Finance minister George Osborne has said he intends to balance Britain's budget over the coming years through spending cuts alone, a pledge which will be central to the campaign of Prime Minister David Cameron ahead of national elections in May.
But S&P, the only major ratings agency not to have cut Britain's AAA rating, said the tax base might eventually need to widen, whoever is in power after May. "We expect that future consolidation may eventually look more to the revenue than the expenditure side," S&P said in a statement in which it confirmed it was maintaining a stable outlook for Britain's triple-A rating.
The ratings agency also said Britain's economy would suffer if it left the European Union, something Cameron has said he will put to a referendum in 2017 if his Conservative Party continues to hold power.
In its update on Britain's credit rating on Friday, S&P questioned forecasts from the country's budget office, which last week said it expected the public finances to be back in balance by the 2018/19 financial year.
S&P said it expected the deficit to fall only slowly in the 2014 calendar year to 5.4 per cent of gross domestic product and would decline towards 3 per cent by 2017 when the government's forecast is for the shortfall to be around 1 per cent.
Frank Gill, a director of European sovereign debt at S&P, said the outlook for higher tax revenues looked uncertain, and not only because of the slow pace of recovery in pay, which has hurt income tax receipts. "We are taking a very conservative view on the receipts side. It's not just the weak recovery so far in wage growth," he said in an interview.
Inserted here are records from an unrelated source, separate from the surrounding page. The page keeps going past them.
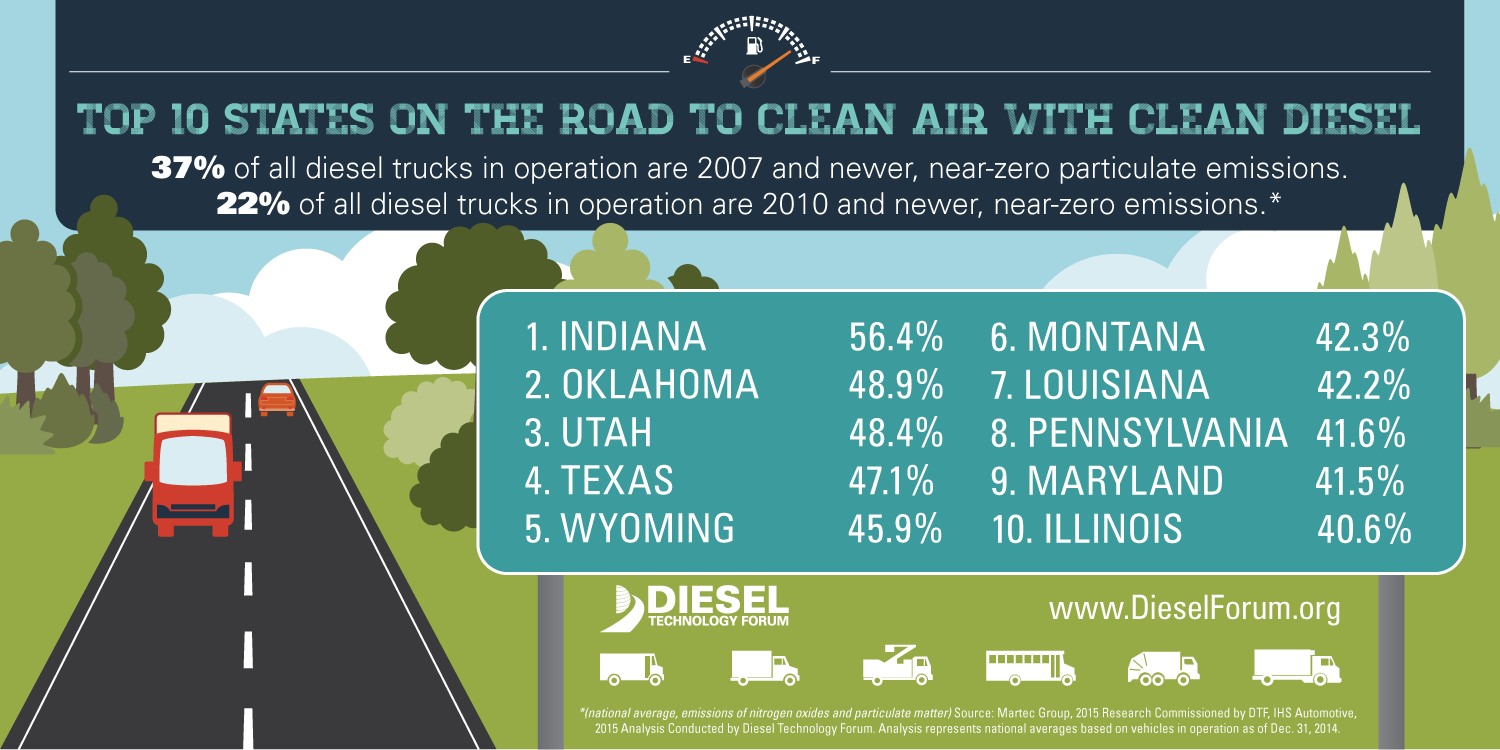 DTF_Top10_HEAVY2007-FINAL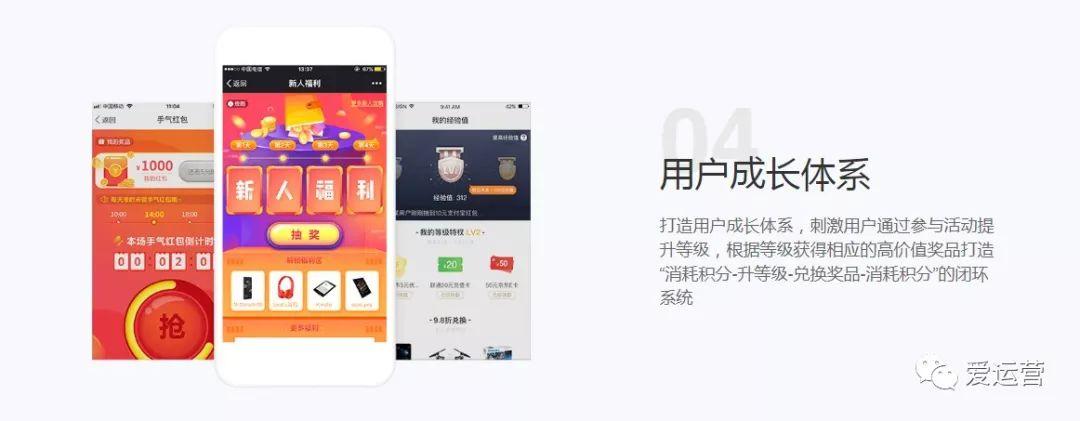 运营进阶：用户激励体系底层逻辑剖析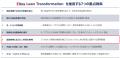 東京本社移転に関するお知らせ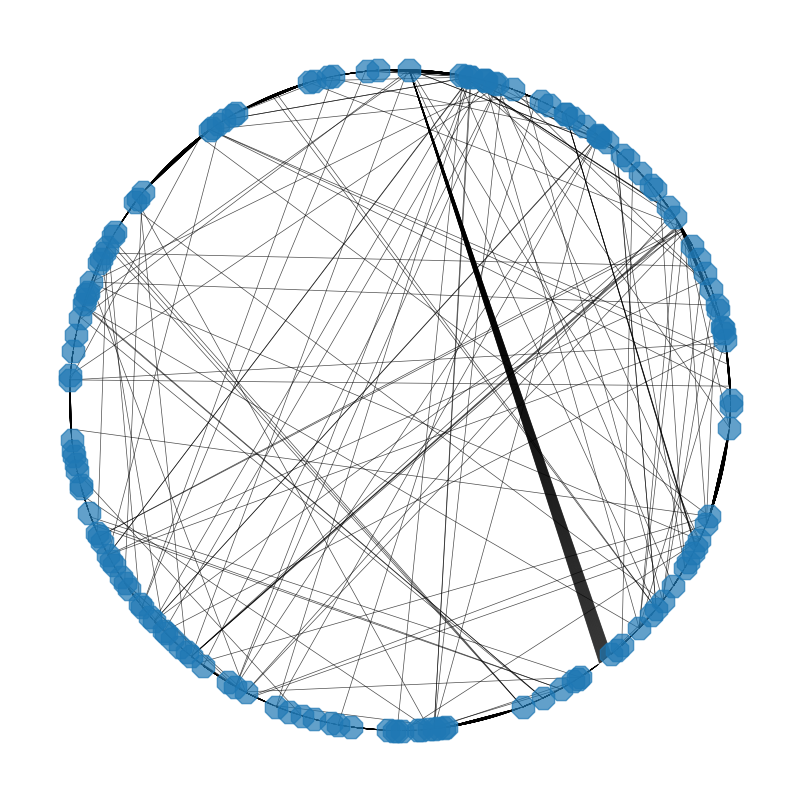 ConnectivityNetwork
Britain's big banking sector may not yield a windfall in tax revenues and its diminishing North Sea oil and gas industry was another potential source of weaker income, Gill said.
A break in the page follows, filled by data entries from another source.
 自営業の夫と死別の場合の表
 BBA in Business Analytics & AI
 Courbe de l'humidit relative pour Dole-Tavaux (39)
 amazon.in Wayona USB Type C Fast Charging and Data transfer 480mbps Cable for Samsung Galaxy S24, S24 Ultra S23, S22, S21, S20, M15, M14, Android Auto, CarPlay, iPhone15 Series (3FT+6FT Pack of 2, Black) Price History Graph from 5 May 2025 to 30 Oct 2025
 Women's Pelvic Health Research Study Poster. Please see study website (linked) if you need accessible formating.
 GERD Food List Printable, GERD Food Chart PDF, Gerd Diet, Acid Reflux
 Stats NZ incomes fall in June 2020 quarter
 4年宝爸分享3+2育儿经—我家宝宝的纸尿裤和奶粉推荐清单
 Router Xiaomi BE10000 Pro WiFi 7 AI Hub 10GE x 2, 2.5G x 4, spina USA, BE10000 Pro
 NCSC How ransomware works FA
That could mean that whoever wins power in May has to consider new ways to boost tax revenue. "We expect that whatever government is in power and whatever policy bias in terms of cutting the fiscal deficit they may have, they are likely to be flexible," Gill said.
Britain's opposition Labour Party has said it wants to deal with the deficit in a "fair way" and has said it will introduce new taxes on expensive properties and restore a 50 per cent rate on income tax for top earners.